- Assignment -
Look below for the line that contains "Sunrise Melon Medley", then copy it and each following line exactly, through and including the line that contains "Asha Studs (Silver Maroon)".

- Records for the exercise -

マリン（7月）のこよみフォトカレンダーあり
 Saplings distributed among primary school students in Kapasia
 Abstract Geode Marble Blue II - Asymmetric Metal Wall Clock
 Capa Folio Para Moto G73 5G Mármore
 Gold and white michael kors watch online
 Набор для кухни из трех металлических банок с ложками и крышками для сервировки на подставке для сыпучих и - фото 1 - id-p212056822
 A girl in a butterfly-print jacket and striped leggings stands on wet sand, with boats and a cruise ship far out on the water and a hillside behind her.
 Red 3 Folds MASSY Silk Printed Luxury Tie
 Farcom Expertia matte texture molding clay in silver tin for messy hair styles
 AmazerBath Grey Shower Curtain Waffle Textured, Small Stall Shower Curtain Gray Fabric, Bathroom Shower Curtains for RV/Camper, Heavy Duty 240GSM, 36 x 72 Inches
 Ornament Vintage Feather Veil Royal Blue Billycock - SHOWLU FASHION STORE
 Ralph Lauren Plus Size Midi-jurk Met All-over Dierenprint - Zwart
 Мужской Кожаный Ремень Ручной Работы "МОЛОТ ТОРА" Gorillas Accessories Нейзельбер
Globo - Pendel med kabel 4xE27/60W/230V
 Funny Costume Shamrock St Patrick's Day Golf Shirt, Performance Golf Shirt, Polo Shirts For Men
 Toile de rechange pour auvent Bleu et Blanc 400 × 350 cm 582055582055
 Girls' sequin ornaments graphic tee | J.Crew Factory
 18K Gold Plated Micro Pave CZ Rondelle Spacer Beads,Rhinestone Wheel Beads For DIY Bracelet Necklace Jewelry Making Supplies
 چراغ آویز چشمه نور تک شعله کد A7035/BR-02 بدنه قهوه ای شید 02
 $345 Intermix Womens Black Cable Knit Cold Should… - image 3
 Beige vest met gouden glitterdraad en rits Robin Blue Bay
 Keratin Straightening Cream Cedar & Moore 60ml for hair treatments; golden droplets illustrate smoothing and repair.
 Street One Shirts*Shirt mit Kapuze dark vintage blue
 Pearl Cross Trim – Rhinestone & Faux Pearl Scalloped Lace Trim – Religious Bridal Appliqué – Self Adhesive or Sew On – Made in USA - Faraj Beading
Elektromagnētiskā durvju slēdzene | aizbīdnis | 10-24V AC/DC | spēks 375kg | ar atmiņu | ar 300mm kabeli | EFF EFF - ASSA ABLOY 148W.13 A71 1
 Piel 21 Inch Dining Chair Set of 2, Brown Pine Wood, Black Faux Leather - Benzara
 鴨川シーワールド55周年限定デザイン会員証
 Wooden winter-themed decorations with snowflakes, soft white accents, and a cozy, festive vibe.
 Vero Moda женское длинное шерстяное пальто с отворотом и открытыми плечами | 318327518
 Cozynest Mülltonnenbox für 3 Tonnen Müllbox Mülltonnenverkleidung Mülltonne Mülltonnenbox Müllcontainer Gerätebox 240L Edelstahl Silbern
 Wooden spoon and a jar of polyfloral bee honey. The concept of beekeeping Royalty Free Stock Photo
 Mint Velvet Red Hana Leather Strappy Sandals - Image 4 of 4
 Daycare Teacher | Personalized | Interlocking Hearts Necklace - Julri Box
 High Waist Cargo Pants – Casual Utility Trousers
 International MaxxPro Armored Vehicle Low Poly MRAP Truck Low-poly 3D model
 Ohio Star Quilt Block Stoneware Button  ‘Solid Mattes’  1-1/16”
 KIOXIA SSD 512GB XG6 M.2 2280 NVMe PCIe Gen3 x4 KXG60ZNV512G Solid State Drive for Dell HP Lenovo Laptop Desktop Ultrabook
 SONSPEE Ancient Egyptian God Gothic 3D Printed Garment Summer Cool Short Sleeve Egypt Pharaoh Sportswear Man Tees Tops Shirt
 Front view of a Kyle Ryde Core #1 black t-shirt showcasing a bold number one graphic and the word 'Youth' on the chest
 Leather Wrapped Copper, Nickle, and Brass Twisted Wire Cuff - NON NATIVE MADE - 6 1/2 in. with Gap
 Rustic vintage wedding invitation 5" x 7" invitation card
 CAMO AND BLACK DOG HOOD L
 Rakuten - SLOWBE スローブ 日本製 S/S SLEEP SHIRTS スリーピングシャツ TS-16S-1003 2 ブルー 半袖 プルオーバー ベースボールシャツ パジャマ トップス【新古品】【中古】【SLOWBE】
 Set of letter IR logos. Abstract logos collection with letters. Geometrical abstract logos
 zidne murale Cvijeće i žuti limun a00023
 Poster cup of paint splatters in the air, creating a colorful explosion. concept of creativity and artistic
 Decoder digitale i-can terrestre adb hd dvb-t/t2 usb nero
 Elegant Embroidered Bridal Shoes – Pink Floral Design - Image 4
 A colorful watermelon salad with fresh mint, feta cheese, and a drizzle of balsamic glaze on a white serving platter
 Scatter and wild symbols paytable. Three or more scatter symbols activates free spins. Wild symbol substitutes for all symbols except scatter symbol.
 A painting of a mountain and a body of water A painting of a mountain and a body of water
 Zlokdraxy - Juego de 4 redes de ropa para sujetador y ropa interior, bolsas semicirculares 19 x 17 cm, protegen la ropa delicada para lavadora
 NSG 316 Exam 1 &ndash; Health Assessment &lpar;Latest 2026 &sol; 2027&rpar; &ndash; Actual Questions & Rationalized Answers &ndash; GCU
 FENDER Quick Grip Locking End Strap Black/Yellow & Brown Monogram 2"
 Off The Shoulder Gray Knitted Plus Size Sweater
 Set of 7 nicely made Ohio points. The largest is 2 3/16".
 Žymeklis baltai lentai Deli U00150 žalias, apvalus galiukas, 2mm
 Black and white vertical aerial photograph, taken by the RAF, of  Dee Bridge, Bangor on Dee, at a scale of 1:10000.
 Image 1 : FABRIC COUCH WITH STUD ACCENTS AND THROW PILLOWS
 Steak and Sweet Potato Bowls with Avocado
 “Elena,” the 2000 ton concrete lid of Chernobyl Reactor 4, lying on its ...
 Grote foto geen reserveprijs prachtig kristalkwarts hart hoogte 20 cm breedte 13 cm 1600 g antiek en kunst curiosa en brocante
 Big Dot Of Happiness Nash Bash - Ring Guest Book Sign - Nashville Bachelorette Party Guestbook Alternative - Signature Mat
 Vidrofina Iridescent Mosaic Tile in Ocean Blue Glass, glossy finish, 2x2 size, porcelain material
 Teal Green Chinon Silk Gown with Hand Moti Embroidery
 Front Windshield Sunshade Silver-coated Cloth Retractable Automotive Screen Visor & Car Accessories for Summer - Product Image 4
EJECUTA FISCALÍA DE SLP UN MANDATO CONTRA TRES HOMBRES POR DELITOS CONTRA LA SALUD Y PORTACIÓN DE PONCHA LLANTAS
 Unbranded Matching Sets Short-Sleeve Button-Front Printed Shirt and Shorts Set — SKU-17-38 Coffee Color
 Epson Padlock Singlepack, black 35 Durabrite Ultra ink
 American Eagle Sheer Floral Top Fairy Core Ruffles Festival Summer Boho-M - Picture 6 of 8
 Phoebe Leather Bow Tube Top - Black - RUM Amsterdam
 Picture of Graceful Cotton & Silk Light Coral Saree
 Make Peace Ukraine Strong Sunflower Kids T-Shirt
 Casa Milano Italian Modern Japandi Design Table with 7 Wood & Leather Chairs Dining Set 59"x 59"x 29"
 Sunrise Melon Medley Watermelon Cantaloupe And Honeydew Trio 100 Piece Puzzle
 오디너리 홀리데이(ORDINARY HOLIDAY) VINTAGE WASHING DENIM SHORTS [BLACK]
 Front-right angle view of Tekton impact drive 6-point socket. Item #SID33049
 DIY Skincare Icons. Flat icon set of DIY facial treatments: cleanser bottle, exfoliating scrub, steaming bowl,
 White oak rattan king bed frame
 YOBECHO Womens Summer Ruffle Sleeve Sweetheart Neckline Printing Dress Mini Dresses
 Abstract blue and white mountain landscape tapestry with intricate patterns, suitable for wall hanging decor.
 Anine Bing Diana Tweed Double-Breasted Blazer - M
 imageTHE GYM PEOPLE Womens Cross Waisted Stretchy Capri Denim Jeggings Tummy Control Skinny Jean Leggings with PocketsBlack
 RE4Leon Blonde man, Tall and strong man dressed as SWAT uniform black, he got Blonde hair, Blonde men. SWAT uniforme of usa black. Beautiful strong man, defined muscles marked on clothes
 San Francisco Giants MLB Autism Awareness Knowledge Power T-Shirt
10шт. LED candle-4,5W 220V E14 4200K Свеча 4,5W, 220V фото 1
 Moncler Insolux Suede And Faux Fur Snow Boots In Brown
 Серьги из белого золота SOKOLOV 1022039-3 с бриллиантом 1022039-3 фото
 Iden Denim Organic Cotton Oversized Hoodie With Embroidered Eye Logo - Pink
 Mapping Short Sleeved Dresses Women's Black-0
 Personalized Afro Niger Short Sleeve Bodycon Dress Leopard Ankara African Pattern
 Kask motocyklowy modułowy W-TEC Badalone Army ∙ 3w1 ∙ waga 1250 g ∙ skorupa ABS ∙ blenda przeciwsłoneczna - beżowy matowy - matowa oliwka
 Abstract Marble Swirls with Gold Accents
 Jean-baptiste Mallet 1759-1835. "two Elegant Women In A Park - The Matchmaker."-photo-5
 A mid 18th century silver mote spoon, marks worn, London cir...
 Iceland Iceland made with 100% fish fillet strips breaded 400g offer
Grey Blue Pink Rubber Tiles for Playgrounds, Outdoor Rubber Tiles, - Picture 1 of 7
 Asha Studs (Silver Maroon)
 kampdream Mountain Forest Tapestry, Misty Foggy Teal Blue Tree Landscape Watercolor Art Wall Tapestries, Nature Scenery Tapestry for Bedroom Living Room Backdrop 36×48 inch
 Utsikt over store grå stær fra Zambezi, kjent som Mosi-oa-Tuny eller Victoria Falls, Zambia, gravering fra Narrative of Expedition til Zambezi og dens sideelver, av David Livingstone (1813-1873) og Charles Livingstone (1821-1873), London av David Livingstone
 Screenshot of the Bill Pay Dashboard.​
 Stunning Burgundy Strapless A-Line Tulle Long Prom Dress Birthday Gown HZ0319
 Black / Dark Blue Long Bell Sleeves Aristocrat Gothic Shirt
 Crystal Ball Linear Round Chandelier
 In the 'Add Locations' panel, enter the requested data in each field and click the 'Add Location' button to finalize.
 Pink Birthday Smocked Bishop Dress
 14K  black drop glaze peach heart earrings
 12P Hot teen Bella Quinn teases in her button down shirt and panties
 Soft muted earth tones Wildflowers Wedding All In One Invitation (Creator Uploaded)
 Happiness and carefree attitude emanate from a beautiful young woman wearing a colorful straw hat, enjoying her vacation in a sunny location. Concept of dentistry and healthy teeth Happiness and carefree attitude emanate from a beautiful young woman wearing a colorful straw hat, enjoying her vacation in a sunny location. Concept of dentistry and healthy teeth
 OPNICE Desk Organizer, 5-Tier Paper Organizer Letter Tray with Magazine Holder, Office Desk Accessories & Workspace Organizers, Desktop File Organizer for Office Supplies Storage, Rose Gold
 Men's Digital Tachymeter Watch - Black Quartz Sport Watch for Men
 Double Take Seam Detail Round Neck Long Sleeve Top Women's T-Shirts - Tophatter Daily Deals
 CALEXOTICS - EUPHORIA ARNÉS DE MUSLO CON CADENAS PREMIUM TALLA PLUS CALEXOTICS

- Output of the task -
 Sunrise Melon Medley Watermelon Cantaloupe And Honeydew Trio 100 Piece Puzzle
 오디너리 홀리데이(ORDINARY HOLIDAY) VINTAGE WASHING DENIM SHORTS [BLACK]
 Front-right angle view of Tekton impact drive 6-point socket. Item #SID33049
 DIY Skincare Icons. Flat icon set of DIY facial treatments: cleanser bottle, exfoliating scrub, steaming bowl,
 White oak rattan king bed frame
 YOBECHO Womens Summer Ruffle Sleeve Sweetheart Neckline Printing Dress Mini Dresses
 Abstract blue and white mountain landscape tapestry with intricate patterns, suitable for wall hanging decor.
 Anine Bing Diana Tweed Double-Breasted Blazer - M
 imageTHE GYM PEOPLE Womens Cross Waisted Stretchy Capri Denim Jeggings Tummy Control Skinny Jean Leggings with PocketsBlack
 RE4Leon Blonde man, Tall and strong man dressed as SWAT uniform black, he got Blonde hair, Blonde men. SWAT uniforme of usa black. Beautiful strong man, defined muscles marked on clothes
 San Francisco Giants MLB Autism Awareness Knowledge Power T-Shirt
10шт. LED candle-4,5W 220V E14 4200K Свеча 4,5W, 220V фото 1
 Moncler Insolux Suede And Faux Fur Snow Boots In Brown
 Серьги из белого золота SOKOLOV 1022039-3 с бриллиантом 1022039-3 фото
 Iden Denim Organic Cotton Oversized Hoodie With Embroidered Eye Logo - Pink
 Mapping Short Sleeved Dresses Women's Black-0
 Personalized Afro Niger Short Sleeve Bodycon Dress Leopard Ankara African Pattern
 Kask motocyklowy modułowy W-TEC Badalone Army ∙ 3w1 ∙ waga 1250 g ∙ skorupa ABS ∙ blenda przeciwsłoneczna - beżowy matowy - matowa oliwka
 Abstract Marble Swirls with Gold Accents
 Jean-baptiste Mallet 1759-1835. "two Elegant Women In A Park - The Matchmaker."-photo-5
 A mid 18th century silver mote spoon, marks worn, London cir...
 Iceland Iceland made with 100% fish fillet strips breaded 400g offer
Grey Blue Pink Rubber Tiles for Playgrounds, Outdoor Rubber Tiles, - Picture 1 of 7
 Asha Studs (Silver Maroon)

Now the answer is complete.